In the state's first execution in nine years, Marco Allen Chapman was given a lethal injection at the Kentucky State Penitentiary. He was pronounced dead at 7:34 p.m. CST.
The 37-year-old pleaded guilty in 2004 to killing 7-year-old Chelbi Sharon and 6-year-old Cody Sharon in their northern Kentucky home in an attack that wounded their mother and another child. Chapman asked to be executed and fought for the right to fire his attorneys to clear the way.
"I'm sorry. I'm sorry," Chapman said to witnesses before his execution. He lifted his head off the gurney, looked into the victim's witness room and spoke.
"I just want you to know that I'm not a monster, but I committed a monstrous, evil act," Chapman said. "This is the man I am, willing to give his life."
His last words were "yes, sir," when the warden asked him if he was ready to proceed.
Carolyn Marksberry, who survived Chapman's attack in 2002 along with her daughter Courtney, said in a statement that the execution may allow her two slain children to "truly rest in peace."
"I believe the tears shed today should be for the victims of this crime, not Marco Chapman," Marksberry said in the statement. "Marco Chapman committed the crimes, accepted responsibility for those crimes and then decided his own fate."
Warden Tom Simpson read a lengthy statement on Chapman's behalf in which the condemned man apologized repeatedly for killing the children and attacking the family. Chapman said he considered the Marksberrys like family.
The execution took about 14 minutes. About two minutes after Simpson ordered it to start, Chapman took several short, rapid breaths, then was still.
On a field in the back of the prison, nearly a dozen death penalty opponents braved near-freezing temperatures for a candlelight vigil.
"This was a state-assisted suicide," said Kaye Gallagher, a coordinator for the Kentucky Coalition to Abolish the Death Penalty.

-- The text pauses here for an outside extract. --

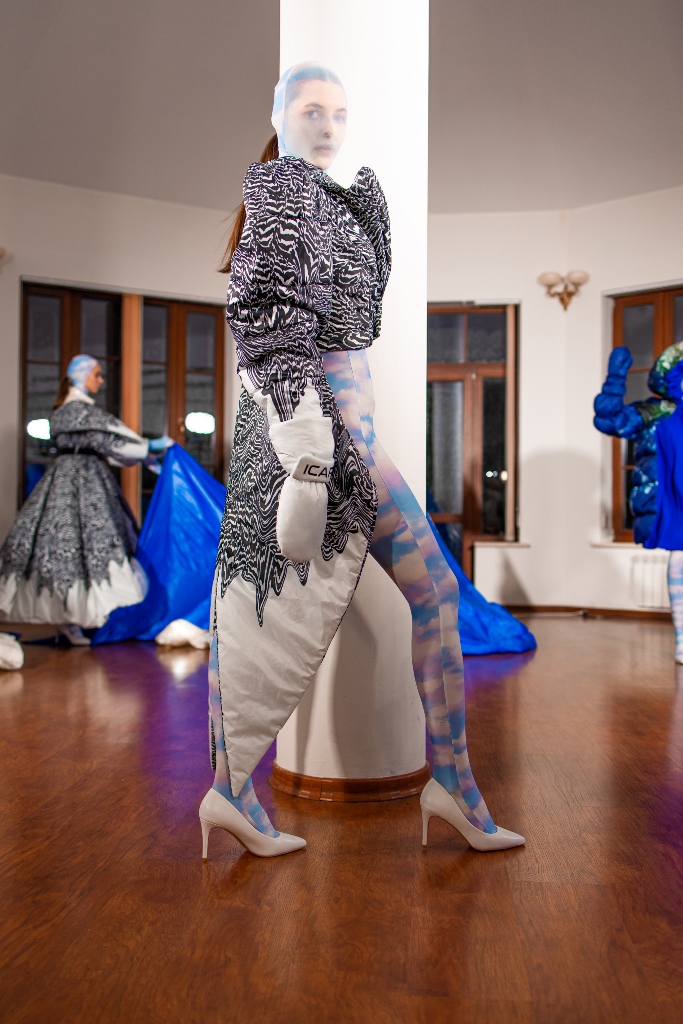 ECO-fashion: перспективный тренд - в новой арт-коллекции Андре Тана (фото)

Chapman took a Bible, writing materials and a television to the execution house Thursday, said Lisa Lamb, a spokeswoman for the Kentucky Department of Corrections. He requested a last meal of a 32-ounce sirloin steak, 20 butterfly shrimp, salad, iced tea and a banana cream pie.
His remains were to be cremated and turned over to family members, Lamb said.
Kentucky has executed two people since states resumed the practice in 1977 after a four-year court-mandated layoff. Harold McQueen was put to death in the electric chair in 1997 for the shooting of a Richmond store clerk. Eddie Lee Harper waived the remainder of his appeals in 1999 for the killing of his adoptive parents in Louisville in 1982.
Executions in Kentucky, and elsewhere around the country were halted for nearly a year while the U.S. Supreme Court considered a challenge to Kentucky's lethal injection protocol.
The high court in April turned away the challenge, which sought to have the drug cocktail used by Kentucky and nearly three dozen other states declared cruel and unusual punishment.